Monday, February 4, 2013

Second Chances

Second chances.  Why are these such a gray area for so many?  People change, and grow, and evolve into what is hopefully the best version of themselves that they can be. Should we forever continue to pass judgement based upon someone's past?

As I watched the Superbowl last night, I noticed that many people were posting on Facebook and Twitter that their reason for rooting against Baltimore was Ray Lewis' murder charge from a decade ago. There were just as many rooting for Baltimore because of his retirement. If someone is legally accused of something, but is acquitted or charges are dropped, or even if they're convicted & ultimately pay their debt & make amends, should we continue to judge them based upon that bad decision in their life? What if they've made the effort to change? What if they've learned valuable lessons and applied those lessons in their life? If they have made a true honest attempt to become a better person, should we continue to equate them with their past transgressions?

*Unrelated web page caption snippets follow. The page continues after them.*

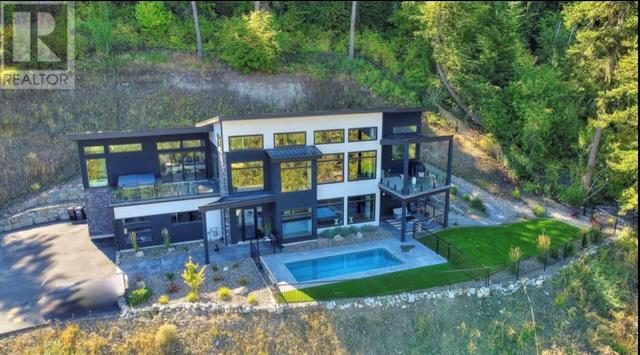 132 Sunset Boulevard, House detached with 5 bedrooms, 3 bathrooms and 9 parking in Vernon BC | Image 1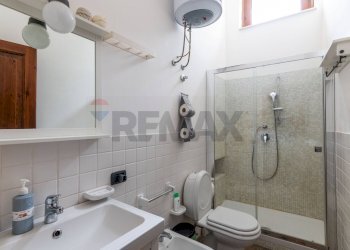 Bagno - Trilocale VIA VITTORIO VENETO
 
94, Siracusa - foto 13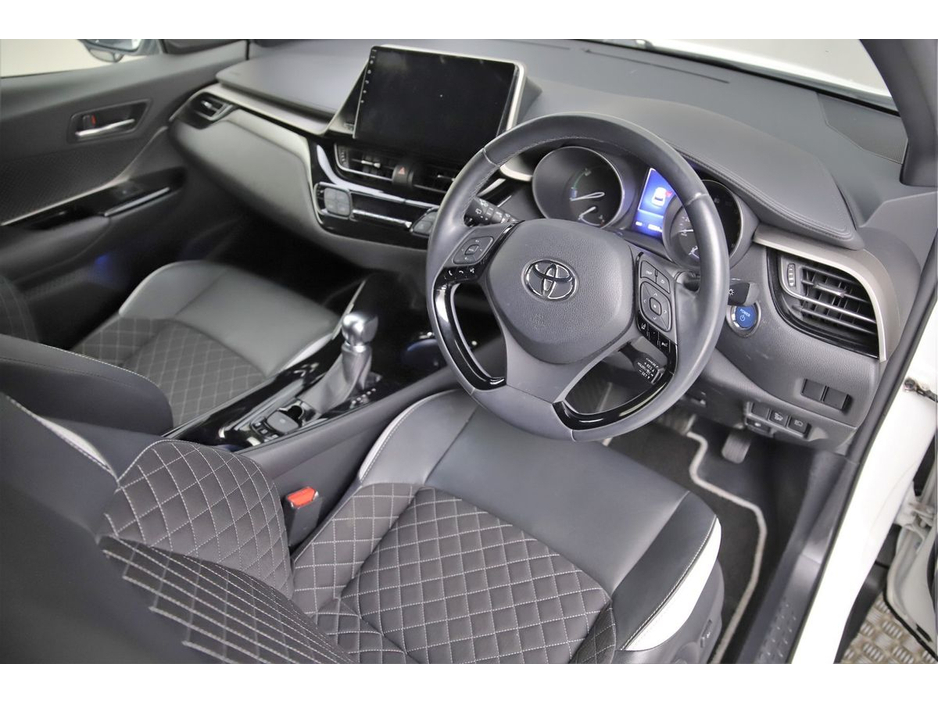 Toyota C-HR 1.8 HYBRID *HALF LEATHER*ANDROID CAR PLAYER*REVERSE CAM* — thumbnail 13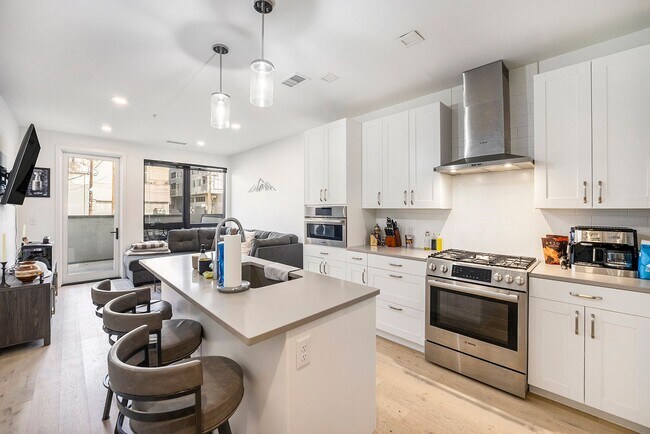 Foto del edificio - Beautiful Modern 1BR in Prime LoHi Locatio...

People give forgiveness for things large & small throughout their daily lives. Hurts of all forms, emotional, theoretical, & physical, are forgiven by those who have been injured every day. Parents forgive the child who shattered their most expensive vase, spouses forgive their partners for making mean hurtful comments in anger, neighbors forgive their neighbor for breaking something that was borrowed. The example of Ray Lewis is a larger, more global example, but the theory applies across the board on both personal and societal levels. If positive efforts are made, who is any one of us to forever judge?

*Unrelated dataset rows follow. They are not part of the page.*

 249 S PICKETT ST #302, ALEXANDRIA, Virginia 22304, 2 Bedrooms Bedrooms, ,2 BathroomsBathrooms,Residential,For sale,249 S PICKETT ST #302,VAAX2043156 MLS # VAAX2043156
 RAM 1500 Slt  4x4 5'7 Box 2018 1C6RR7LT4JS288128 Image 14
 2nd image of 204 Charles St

"Too err is human, to forgive is divine"

~ The Girl In The Little Black Dress

Saturday, November 10, 2012

Musings From The Outside Looking In

Just read the most amazing book, "The Celestine Prophecy".  I love fiction that has enough truth in it that it makes you think, question, and reassess. This book did exactly that.

Life has so much constant competition in it. There's the obvious, like sports, and politics, and careers.  Then there's the not so obvious.  Relationships of every kind have their own forms of competition. The child that wants to create their own identity separate from their parents, and the parents that want to mold the child's future in the way they believe is best. The friends that secretly try to ensure they have the prettiest hair or the most fabulous outfit, while outwardly complimenting their counterparts.  The constant push for being heard and understood in a relationship, or simply the battle against unseen outside influences just to keep that relationship alive.  So many of these "competitions" leave us feeling drained, exhausted, and stressed, instead of the happy, fulfilled exuberance that we all ultimately would want out of life.  Why do we tend to push so hard, when those battles create feelings of the exact opposite nature than what we want?

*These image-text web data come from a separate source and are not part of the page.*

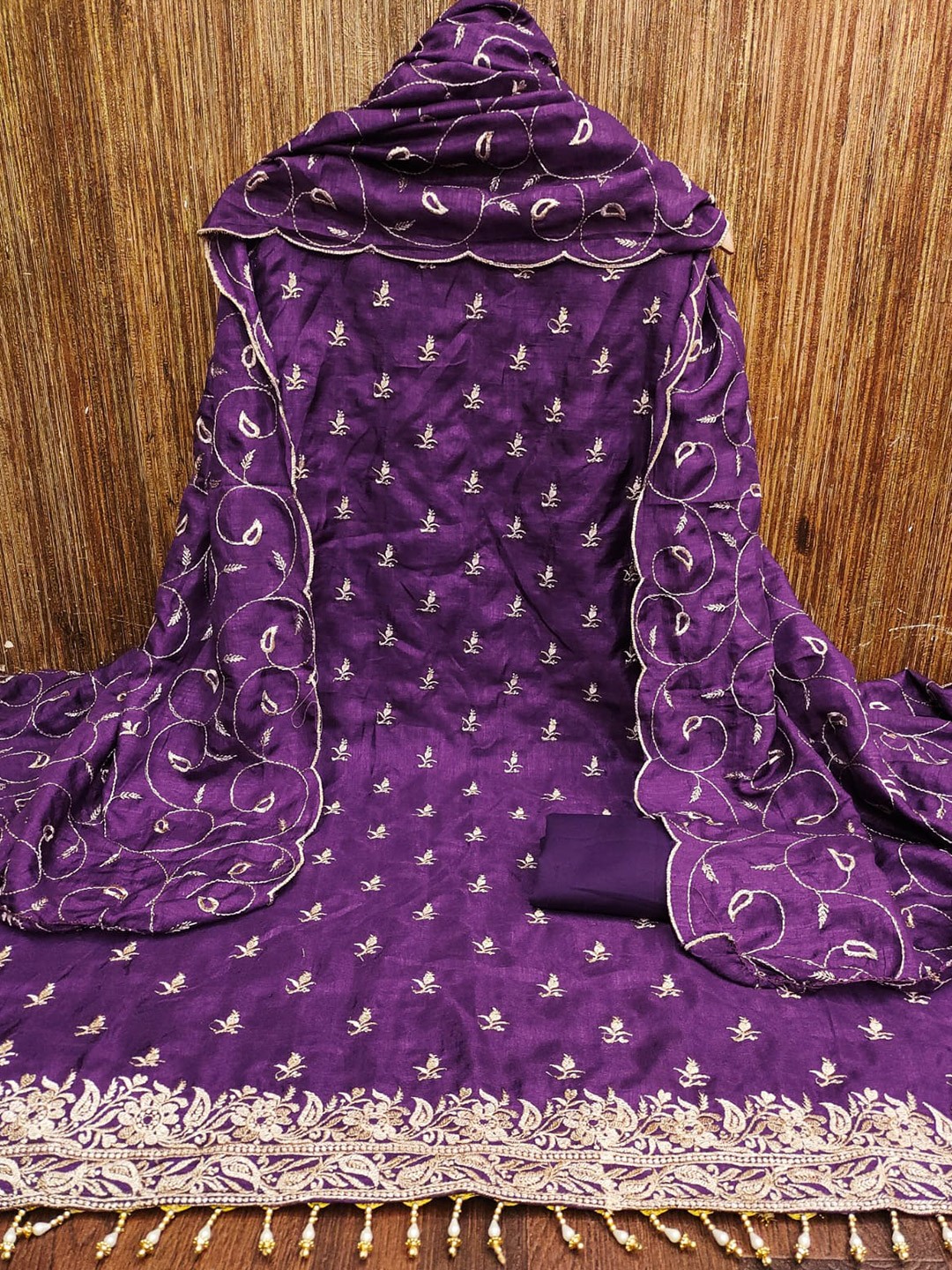 

mimi design Embroidered Unstitched Dress Material, Purple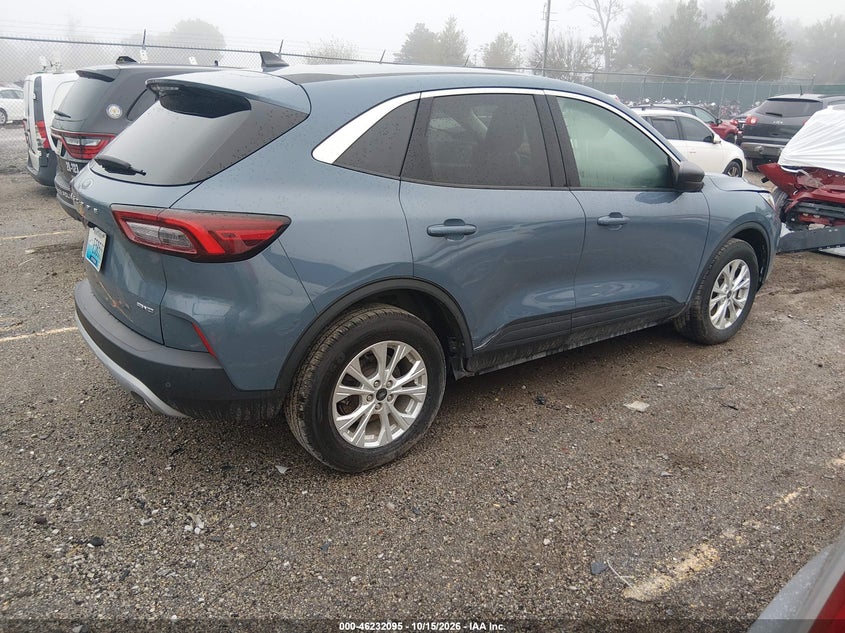 Vin: 1fmcu9gn7pua11115, lot: 46732089, ford escape active 20234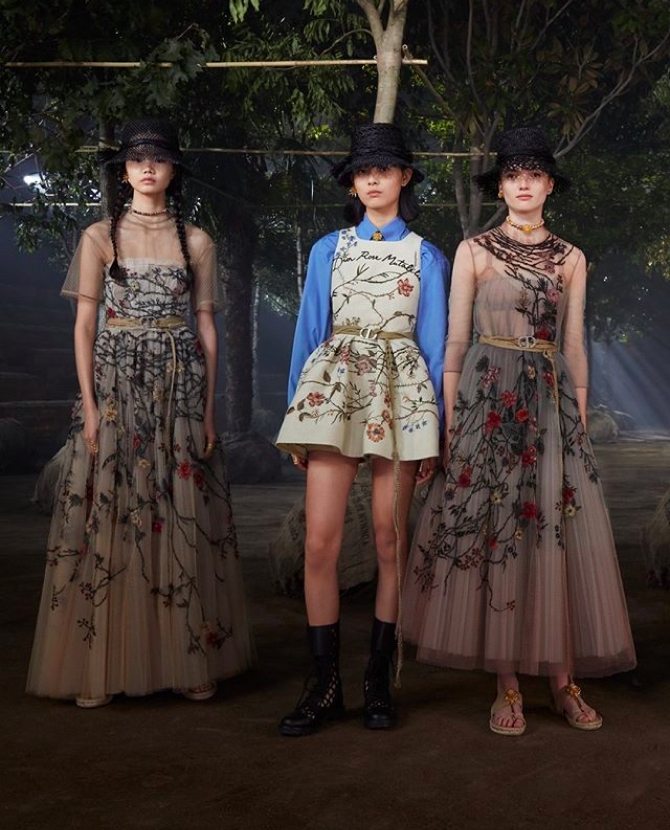 Мария Грация Кьюри создала 14 новых нарядов для показа Dior в Шанхае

Imagine what life would be like, how our relationships with others would be like, if we focused on empowering everyone around us.  If we strove to listen with both our ears and our eyes to truly comprehend the honest needs of all situations, and then followed through with our actions to compliment that comprehension. How might we act differently, or react differently in basic everyday situations?  Would our relationships with family, with friends, with coworkers, even with passing strangers, become calmer & more positive or productive?  If absolutely everyone operated that way, wouldn't everyone become stronger, feel better, be more empowered on all levels?

I do not subscribe to the idea of a Utopian society, nor do I think that the world is not made better without a variety of opinions and different ways of doing things.  It would be an excruciatingly boring existence if everyone thought and acted the exact same as everyone else.  But if there were less focus on judging, on rooting out the negative, on how "I'm right, so you must be wrong" ..... wouldn't basic daily life be ultimately easier, ultimately better for everyone, regardless of race, creed, or religion?  Food for thought.